As a case study, let’s review the PT-sUSDe-27NOV2025 asset during the Friday 10th crash.
During this sharp market drop, USDe briefly traded down to 0.65 on centralized exchanges but remained near parity onchain. On Uniswap, it dipped to 0.972 USDT before quickly rebounding, while Chainlink’s oracle updated from 0.993 to 0.999 within minutes. The sUSDe NAV continued to rise, reflecting full collateralization, and PT prices stayed stable.
On Uniswap, USDe traded down from 1.0 to 0.972 USDT (22:59 UTC). The Chainlink USDe/USD oracle updated its onchain price to 0.993 (23:04 UTC) before a new update at 0.999 (23:05 UTC).
On the sUSDe side, the NAV of the asset continued to increase slightly, as no undercollateralization of Ethena USDe was observed (independent attestation).
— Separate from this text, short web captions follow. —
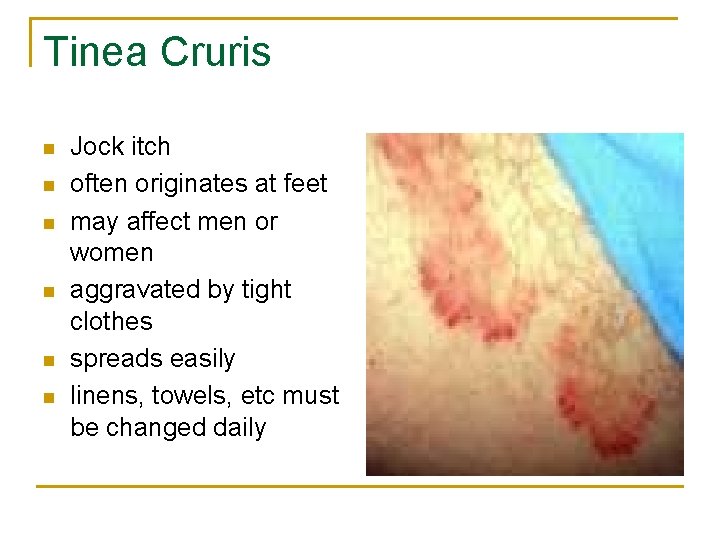 Tinea Cruris n n n Jock itch often originates at feet may affect men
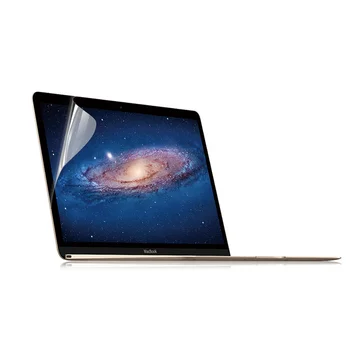 Viso Kūno Odos MacBook Pro 15 colių Modelis A1707/A1990, Su Viršų Odos , Apačioje Odos, Touchpad Odos, Palmių Poilsio Odos,Ekrano plėvelės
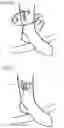 Fig. 62 - Closing device having a winding element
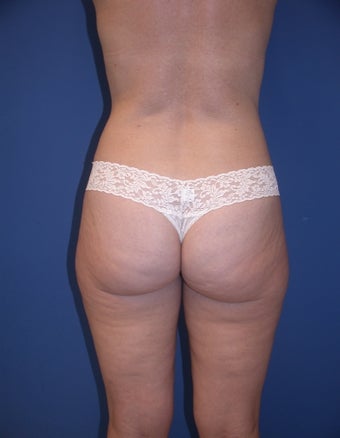 Before & After Liposculpture of the buttocks, thighs & hips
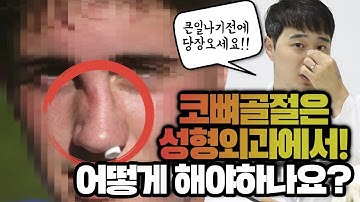 코뼈골절은 성형외과에서! 어떻게 해야하나요...? [성형 알려주는 남자 이용석]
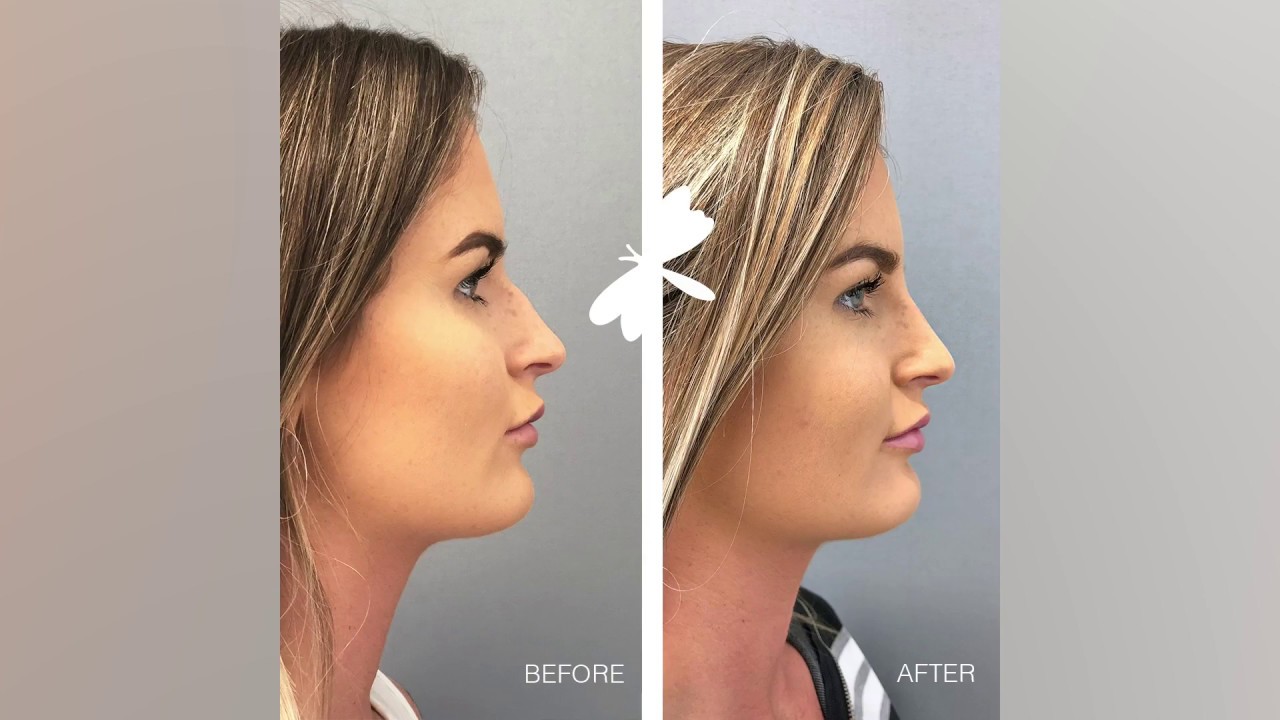 Non Surgical Nose Reshaping | The Laser and Skin Clinic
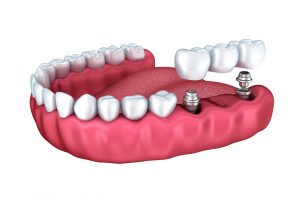 full set of dental implants abroad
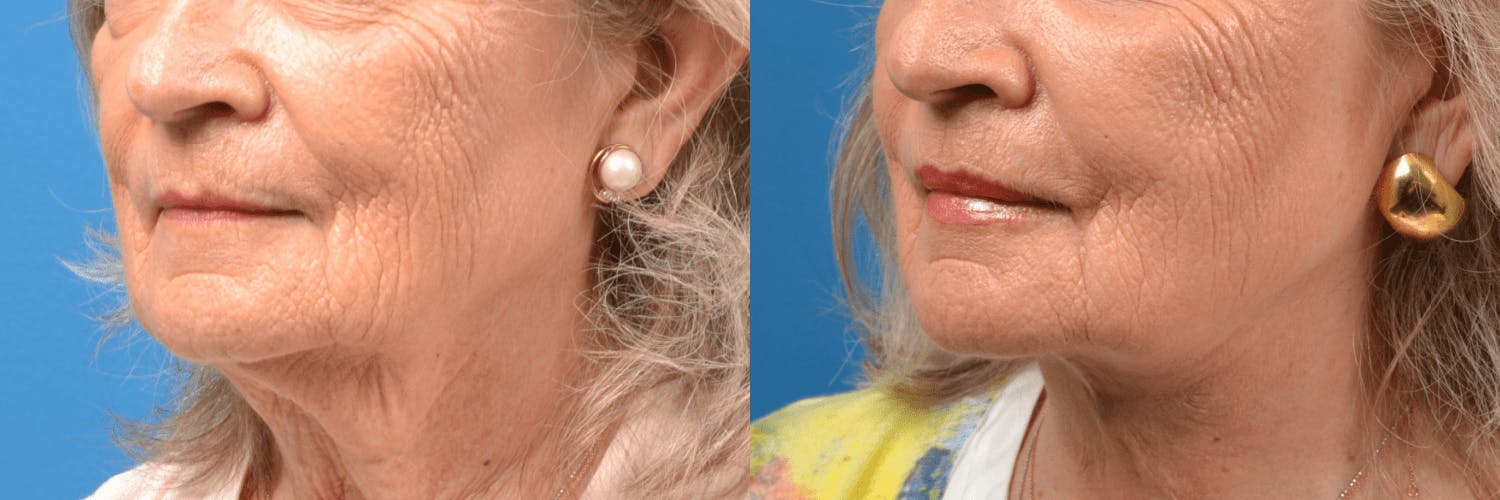 Lip Lift Before & After Gallery - Patient 122406880 - Image 2
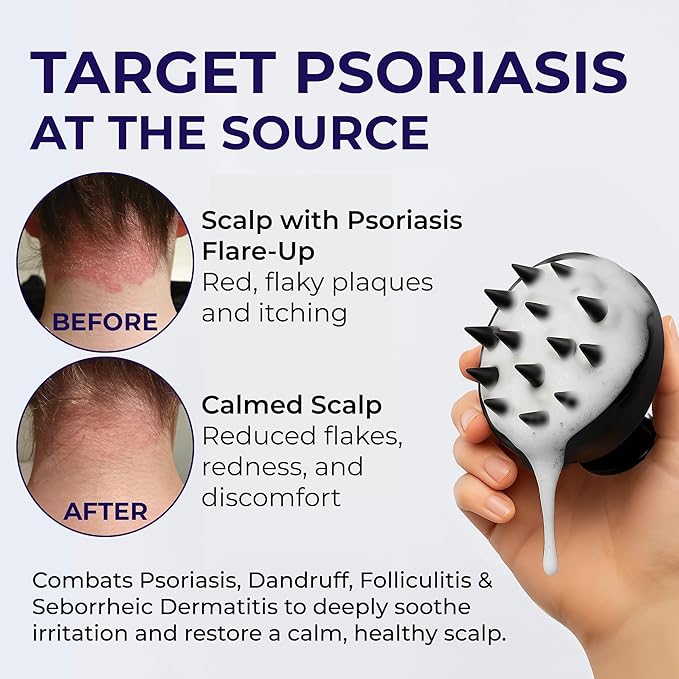 Psoriasis Shampoo Anti Dandruff - Medicated Shampoo for Dandruff, Flakes, Seborrheic Dermatitis & Folliculitis Treatment - Anti Fungal Solution for Itchy, Flaky & Dry Scalp - 200ml (Pack of 2)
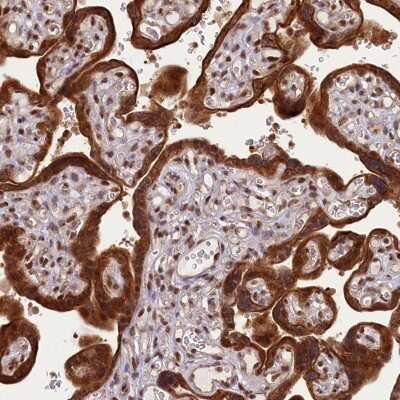 Immunohistochemistry-Paraffin: CARD8 Antibody [NBP2-47527] - Staining of human placenta tissue. Shows strong cytoplasmic and nuclear positivity in trophoblastic cells.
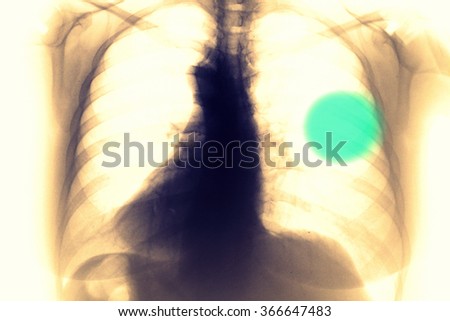 Chest and breast Xray photo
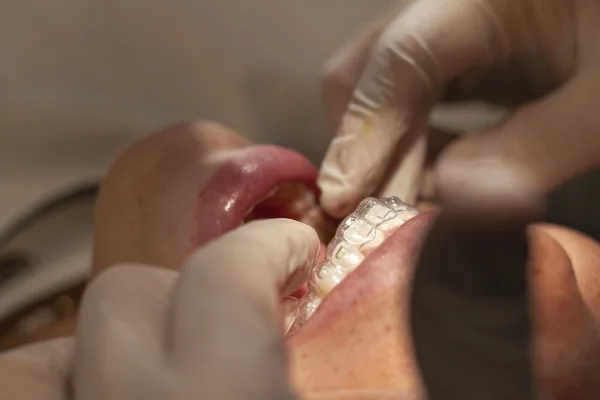 Illustrative service photograph of a dental whitening tray being fitted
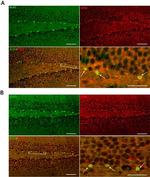 TLR4 Antibody in Immunohistochemistry (Paraffin) (IHC (P))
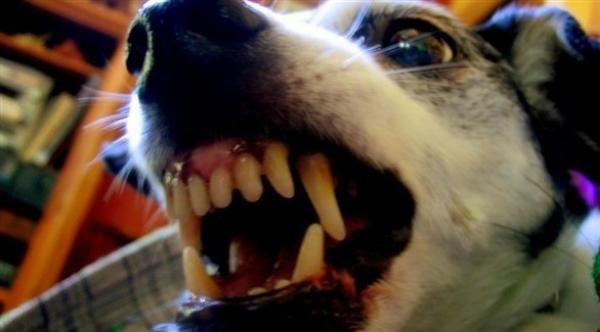 طبيبة تعالج سلوك طفل عدواني بلعاب كلب مسعور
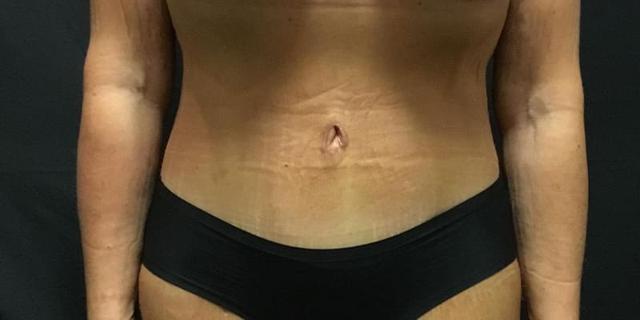 Tummy Tuck after at Gallaher Plastic Surgery & Spa MD in Knoxville, TN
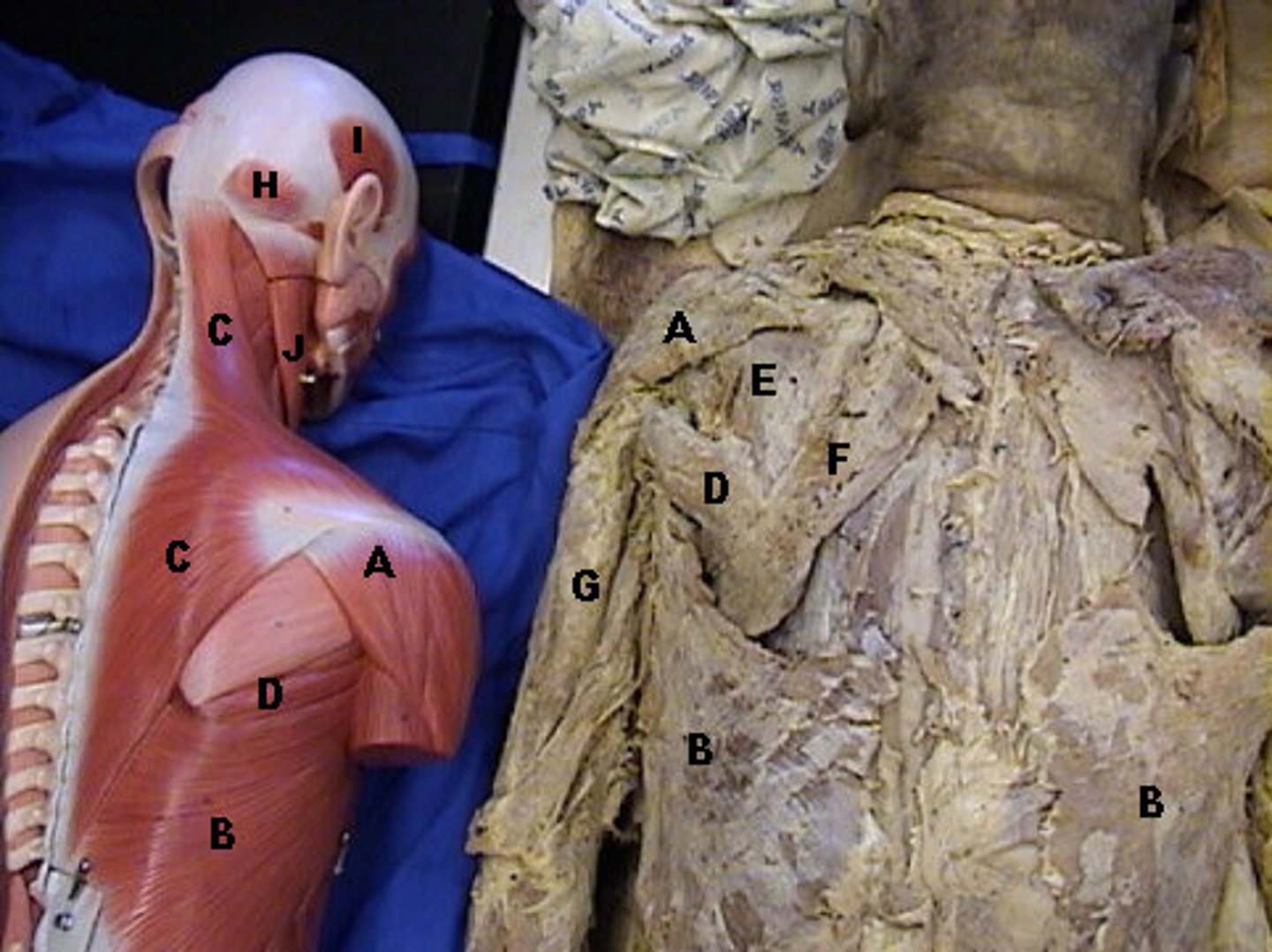 <p>E-, Laterally rotates shoulder; stabilizes the head of the humerus in glenoid cavity; Description: Partially covered by Deltoid and Trapezius, below supraspinatus on scapula, connects to humerus, Rotator Cuff</p>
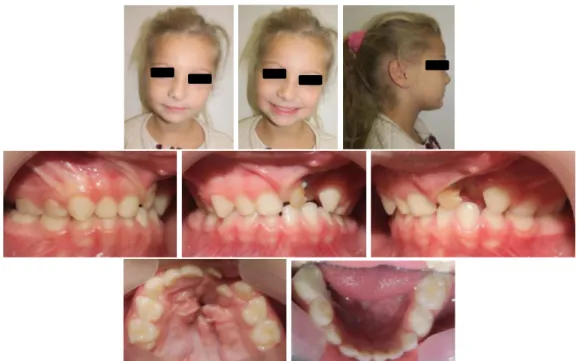Figure 18 : Exemple de bilan photographique d’un patient en début de traitement orthodontique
In the meantime, the traded price on Uniswap dropped from 1.199 to 1.195 due to market activity.
Meanwhile, the PT price remained relatively stable. With no depeg signal in its price feed, trading activity was limited.
No conditions were met to switch the MetaOracle price source: the deviation (USDe/USD Chainlink Oracle) was only 0.71% vs 0.75% required and the short term volatility didn’t persist long enough to pass the timelock.
No More Waste
A resilient lending market starts with rigorous due diligence on both issuer quality and asset quality. The oracle setup, LLTV calibration, and liquidation mechanics are the outcome of upstream selection and risk assessment before the asset is onboarded.
Within our risk framework, we assess whether the asset can safely support lending over time by examining its governance, transparency, primary markets, economic objectives, liquidity depth, and oracle responsiveness. Only once these foundations are verified do we define parameters that safeguard lenders while maintaining efficiency for borrowers.
Our role as curators is to preserve market integrity and resilience, not by reacting later, but by engineering the right conditions from the start:
Risk of bad debt is mitigated at the source, through asset selection and risk grading.
Efficiency is preserved over time, because parameters are built to withstand stress.
No amount of preparation can safeguard against every possible tail event in the market, but systems can be engineered for resilience to mitigate risks in advance. We hope that our MetaOracle can help curators create a safety net that performs when volatility strikes and remains sustainable over time.